## Your instructions
Of all the entries below, only the lines from the one with "SPEEDHIDE 1 gal." up to and including the one with "CỐC PHA SƠN" are to be duplicated exactly.

## Given entries
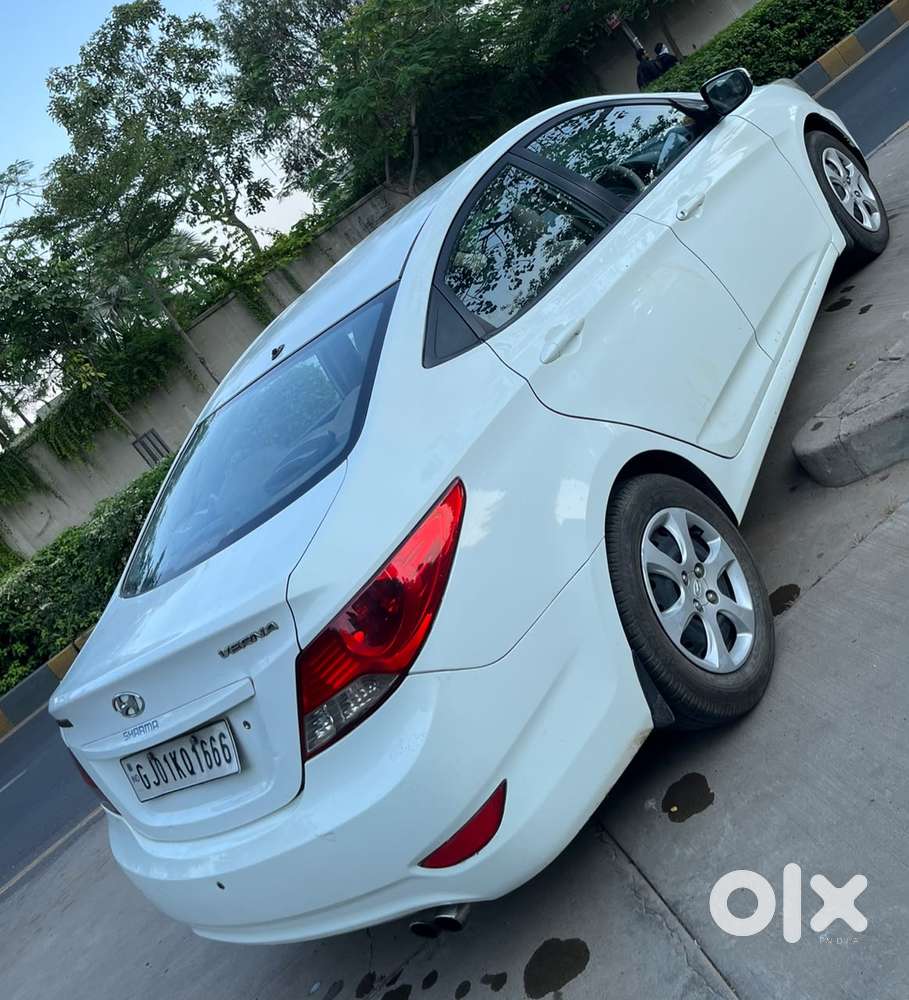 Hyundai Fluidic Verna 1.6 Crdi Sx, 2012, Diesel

==

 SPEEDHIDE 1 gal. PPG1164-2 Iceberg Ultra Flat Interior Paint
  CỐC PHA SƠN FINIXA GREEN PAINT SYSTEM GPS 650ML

---

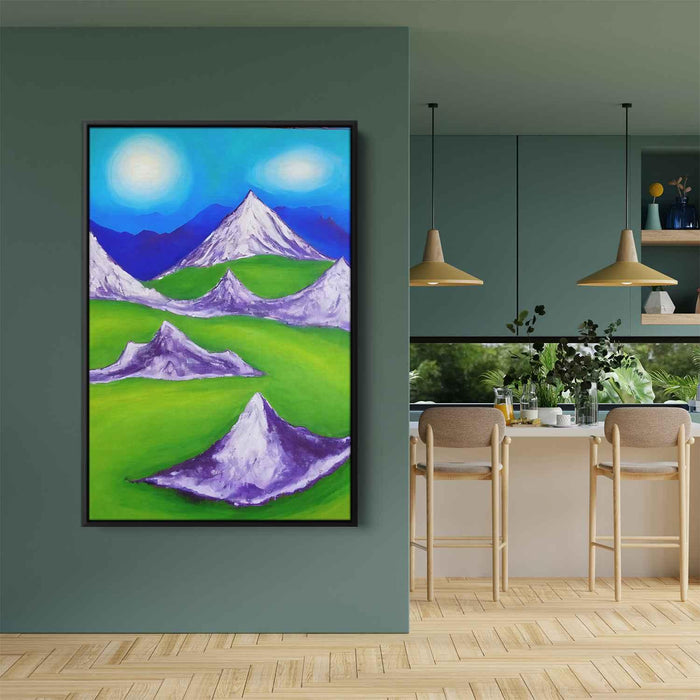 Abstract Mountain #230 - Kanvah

## Result of the task
 SPEEDHIDE 1 gal. PPG1164-2 Iceberg Ultra Flat Interior Paint
  CỐC PHA SƠN FINIXA GREEN PAINT SYSTEM GPS 650ML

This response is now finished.